La semana pasada se vivieron en Granada tres o cuatro tardes de lujo. Imaginen que, poco antes de ponerse, el sol asalta la ciudad desde abajo, desde donde tendría que estar la vega, con una luz fuerte, incluso dura, que no llega a ser dorada (menos mal), y que ilumina todo con determinación y lucidez. Desde la puerta del antiguo Café Granada, la calle Recogidas parece un túnel incendiado nunca visto en las postales y que dura muy poco. Es como si Granada tuviese un mar ahí mismo, un mar perfecto. Y esa luz, como pueden imaginar, altera el color de la Alhambra, que llega a parecerse mucho a la Alhambra de los pintores. Es una pena que a la Alhambra no la dejen, por lo menos un rato, envuelta en la oscuridad que pronto empieza a caer y que permite recordarla como es en ese instante. Debe ser cosa de la razón de Estado, porque todos los días, indefectiblemente, en seguida encienden una iluminación que convierte a toda la colina roja en una cosa navideña.

Por cierto: visitar la Alhambra cuesta ahora un poco más. El precio (diez euros) está todavía muy lejos del de cualquier cosa imprescindible de las que llevamos encima y de las que, además de comprarlas, tenemos que hacernos cargo: ¿las compramos para eso? Veo muchas chicas jóvenes que van en autobús cogidas a una botella pequeña de agua mineral de la que toman traguitos pequeños con movimientos de pájaros: beber agua es saludable, pero me parece que lo que hacen ellas no es beber agua, son nada más que jóvenes que llevan un botellín de agua del que beben como pájaros, y nada más. Es más raro que alguien lea un libro. La lectura más frecuente en el autobús es el papelón de un catálogo multicolor, y más en época de rebajas. Es verdad que ese catálogo es lo único que llega siempre a todas las casas, y gratis. ¿Quién paga por ver la Alhambra? Pero el día que anuncian el nuevo precio de la visita a la Alhambra echan las cámaras de televisión a la calle y la gente dice que eso es cultura y tiene que ser gratis.

En septiembre dijeron que iban a prohibir el descuento en los libros de texto y hubo protesta general: no porque los libros tuvieran un precio, sino porque los Grandes Almacenes no iban a hacer ese descuento que lleva de una compra a otra. No se veía la cultura como un lujo, pero sí como algo sin contrapartidas y por eso caro. En la radio, un tertuliano progresista hacía la loa del libro de texto y recordaba con cariño la época en que él heredaba los de su hermano mayor. Y un amigo librero me preguntaba qué hay de malo en comprarse un libro, aunque en la casa ya haya otro.

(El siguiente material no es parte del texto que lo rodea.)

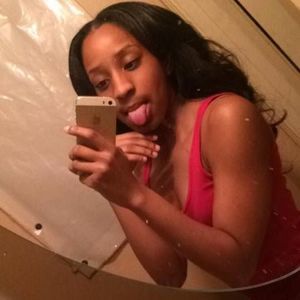 Meet your Posher, Rayshunda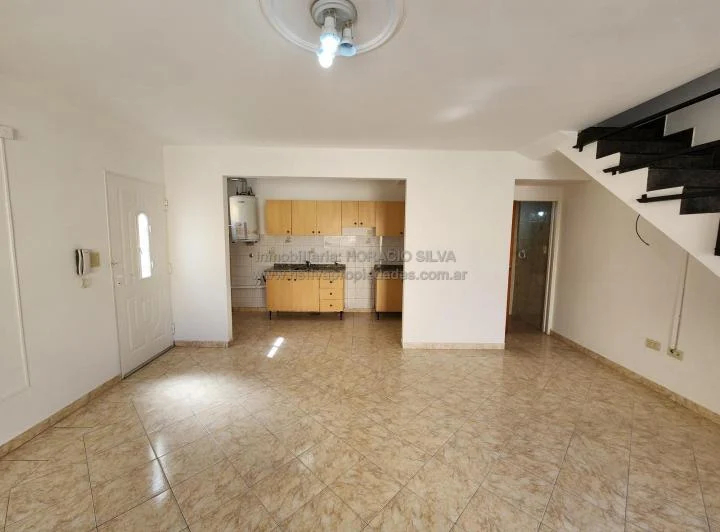 Depto. Tipo Duplex en Contrafrente / Lanus Oeste 2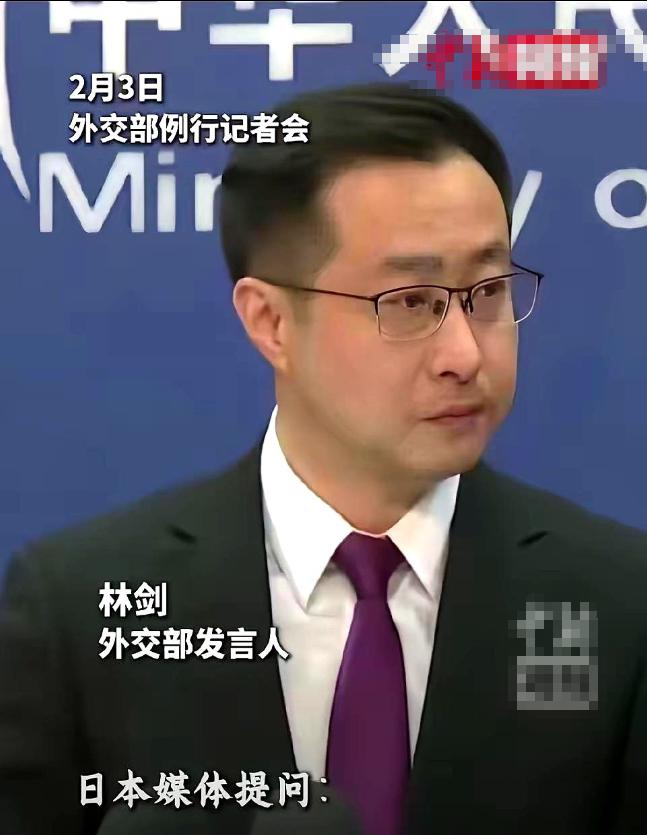 外交部记者会，一个日本记者拿到了话筒，整个人的腰板都挺得笔直。他清了清嗓子，对着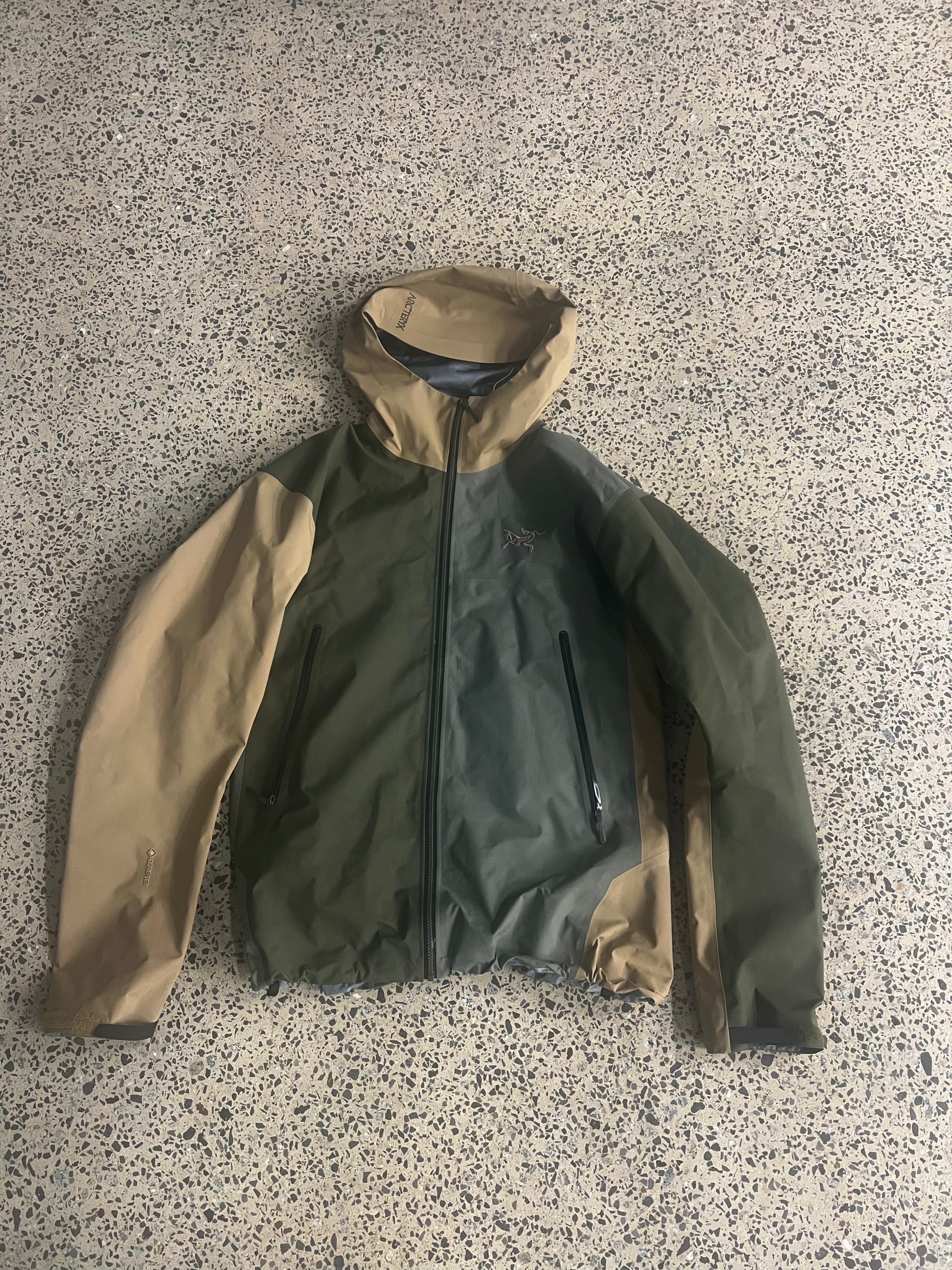 Arc’teryx Olive/Brown Beta AR Gore-Tex Pro Shell Jacket (M)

Esto es el castigo de lo público: lo público no somos nosotros, sino otro, el otro que tiene que pagar lo que no nos parece apremiante, lo que supone un sacrificio, lo que aburre. Si una sociedad ve la cultura como un lujo que no merece diez euros en parte es porque durante siglos la cultura ha sido un artículo de lujo del que sólo podía y sabía disfrutar una casta privilegiada. Pero algo falla si, como ahora, finiquitan el Estado del bienestar y la cultura de lo público es tan endeble que no aguanta el peso de una entrada a la Alhambra, de un libro con sus ciento y pico de páginas.